私の人生劇場

青年期

第34回 「家出少年①」

 東京に出たものの、岡村昭彦という目標を探し出せず、家出少年くにおみは大都会の雑踏を彷徨、さまよい歩きます。

 まさに怖いもの知らずの典型で、〝三河の山猿〟には見るもの全てが刺激的。新宿の新生ニッポンを象徴する街の躍動感に心躍らせ、戦後20年だというのに未だ終戦直後の闇市的なニオイを漂わせる上野や池袋に心惹かれていました。

 当時から新宿歌舞伎町は不夜城。学生服姿の大学生が珍しくない時代でしたから、おのぼりさん(上京した田舎の人間)の私が制服姿で真夜中にうろついていても怪しむ者はいません。街角に座って行き交う人を観察したり、ゲームセンターで他人が遊ぶのを見たりして夜を過ごしました。

 ラーメン屋にあるスポーツ紙の求人欄に目を通して「住み込み」の仕事を探すと結構求人数は多く、最悪その辺りから東京生活を始めればよいと安心しました。

 でも、大学進学を完全にあきらめたわけではありません。翌日、入学を希望していた早稲田大学のキャンパスをひと目見ておこうと、高田馬場に向かいました。

 

 構内に入ると、でかでかと「反戦」「粉砕」「全学共闘会議」といった文字が躍るタテカン(立て看板)があちこちに見られます。看板の前でアジ演説をしている学生もいます。後に世間の注目を集めた「早大闘争」のはしりです。

 そんな喧騒を横目に見て「大隈重信」の銅像の前に立ち見上げました。写真や映像で何度も見てきた〝有名人〟です。何となく嬉しくもあり、緊張も感じました。見上げていると、心の奥底から何か得体のしれない熱いものが湧き出てくるのを感じます。

「岡村さんが当てにできない以上、自分はやはり早稲田を目指すべきじゃないか?」

 銅像の前でしばらく自問自答していました。

 

 そこから運動部の部室がある建物に行き、ヨット部の部屋を探しました。早稲田に入ったらヨット部に入りたかったのです。ところが、通路を何度往復しても「ヨット」の文字が見つかりません。通りがかった学生に聞いたのか部室に入って聞いたのかは覚えていませんが、「ヨット部の部室はどこですか」とひとりの学生に声を掛けました。

「このキャンパスにはありませんよ。湘南海岸にあるみたいです」

 と答えると、その学生は私に事情を聞いてきました。 家出してきたとは言いませんでしたが、来年受験するつもりだと話しました。

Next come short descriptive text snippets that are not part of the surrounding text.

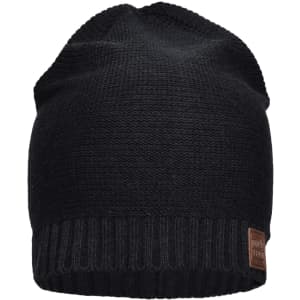 A black cotton hat with a ribbed brim and a woven label on the side.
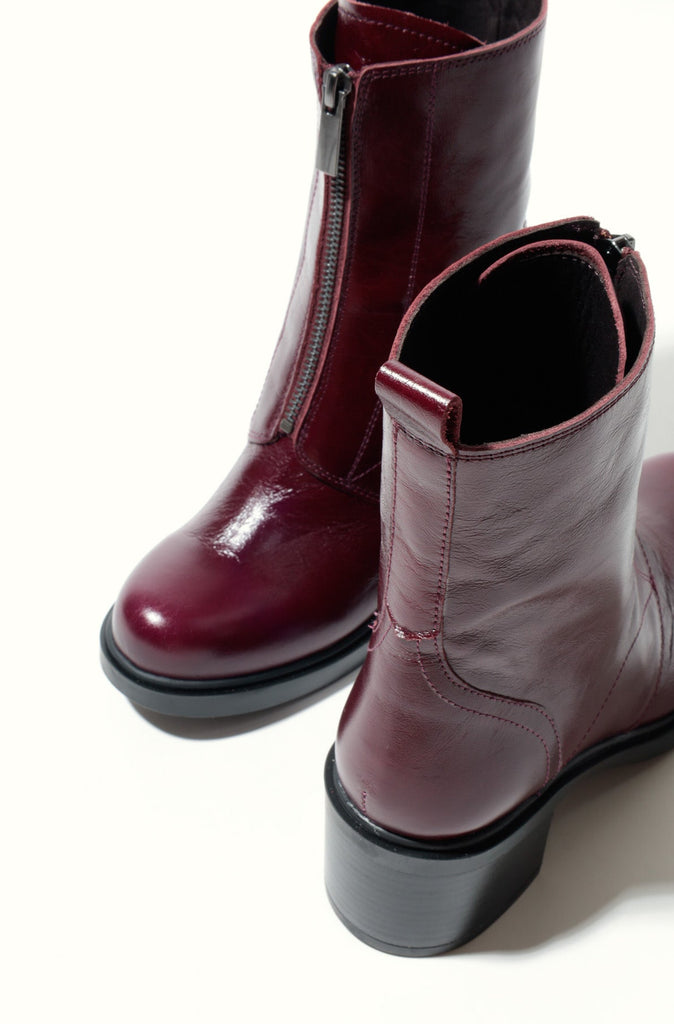 Pair of maroon ankle boots with a zipper on a white background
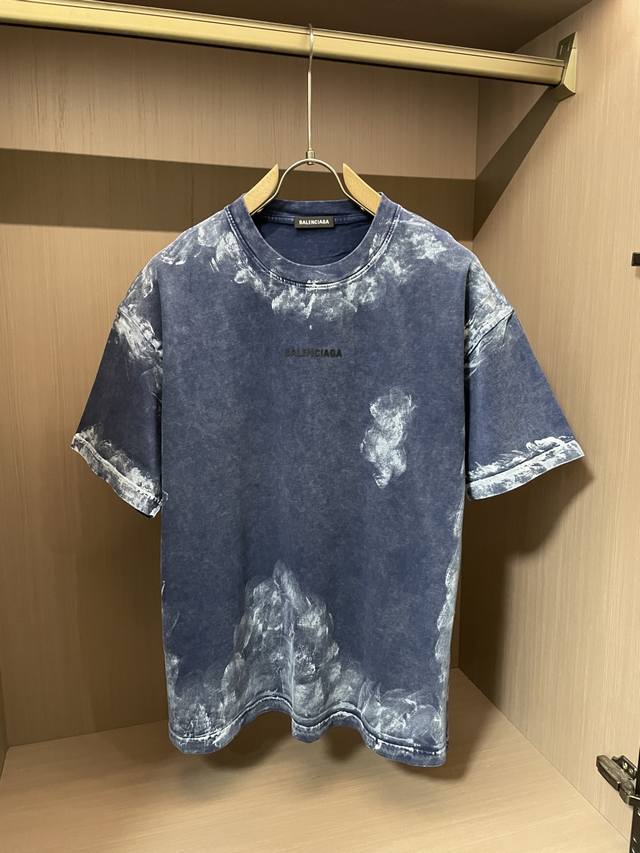 巴黎世家 2025春夏 以独特的做旧调呈现，随性的斑驳纹理，仿佛承载着岁月的故事。简约圆领搭配宽松版型，自在又时髦。胸前标志性的品牌字母，低调间彰显奢华格调与先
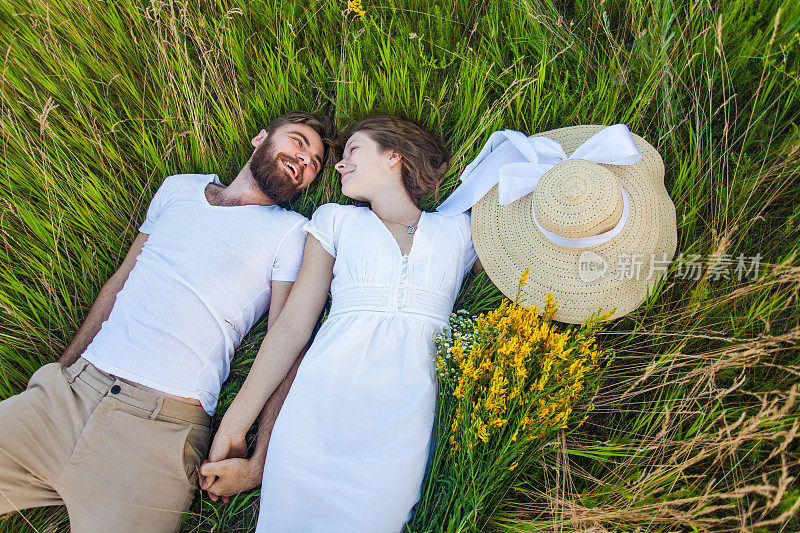 快乐的年轻夫妇在爱躺在草地上。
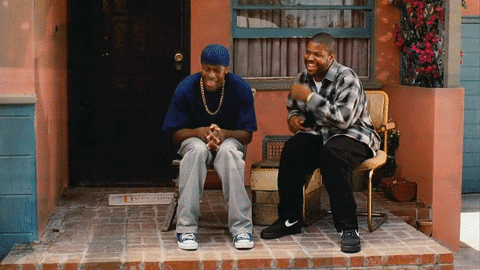 Celebrity gif. Ice Cube and Chris Tucker are sitting on a patio and they're both laughing heartily. Ice Cube puts his hand over his face while laughing and Chris claps while lifting both his feet up.
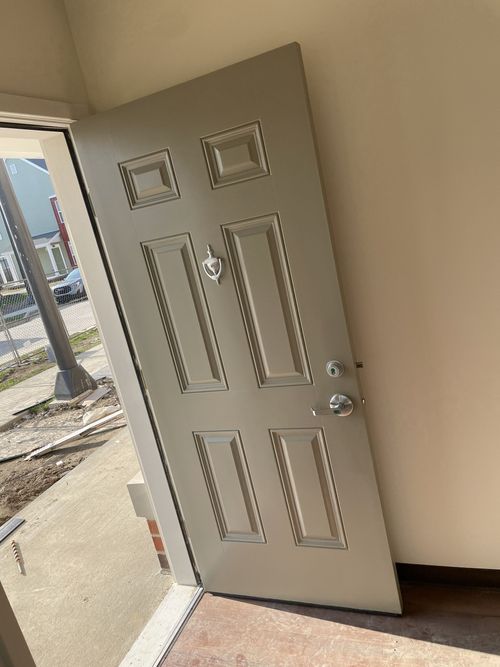 Open white front door inside a beige entryway, with outdoor construction visible outside.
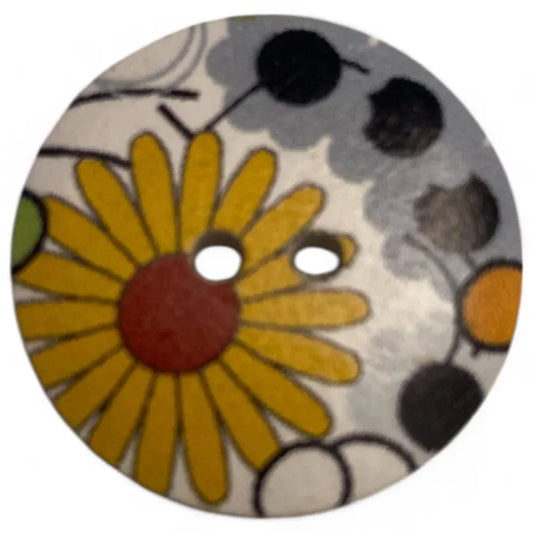 Floral patterned button with two holes.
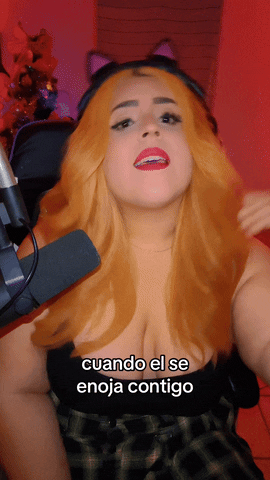 Video gif. Shalymar Rivera Gonzalez wears cat ear headphones and a strawberry blonde wig. She gently flips her hair confidently with her chin turned upwards. Text reads, "Cuando se enoja contigo."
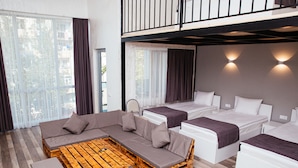A modern hotel room with a balcony, a sofa, two beds, and a wooden coffee table. - Libereco (Batumi)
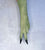 A single long green glove or sleeve worn on a hand, shown against a light textured background. The glove is olive green with two black-tipped fingers in an upside down peace sign. Palm down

 するとその学生は「メシ、食いましょう。御馳走しますよ」と言って私を強引に学食に連れていきました。彼の意図は薄々感じましたが、メシを食わせてもらえるのは何よりです。話に乗ってみるのも面白そうだと思い、ついていきました。

「いい体してるね。運動は何やっているの?」

 ご飯を食べながらだったと思います。そんな話から会話は始まり、やがて「東京オリンピックの重量挙げで金メダルとった三宅義信って知ってるよね?」となりました。彼の所属する重量挙げ部への勧誘が下心にあったのです。

 ウエイトリフティングが嫌いだったわけではありませんが、どちらかと言えば武道が好み。でも食事をごちそうになったこともあり、「合格したら必ず顔を出します」と再会を約して別れました。

 

 早稲田大学を後にして徒歩で新宿に向かっている時、家に書置きせずに出てきたことが急に気になりました。

「家出したことをおふくろに伝えておかないと捜索願を出される可能性があるなあ」

 でも、家には電話がありません。母の勤め先に電話をする方法もありましたが、母の声を聴きたくありません。はがき一本を送るのも何となく気が進みませんでした。

 そこで思い出したのが東京にいる叔父の存在です。彼から家出の事実を母に伝えてもらおうと思いつきました。でも彼の連絡先も分かりません。知っているのは勤務先の名前だけでした。電話帳で彼の勤め先を調べてみると、恵比寿駅の近くです。

 まずは電話を入れました。家出の事実を知らせると大変な驚きようで、夕方会うことになりました。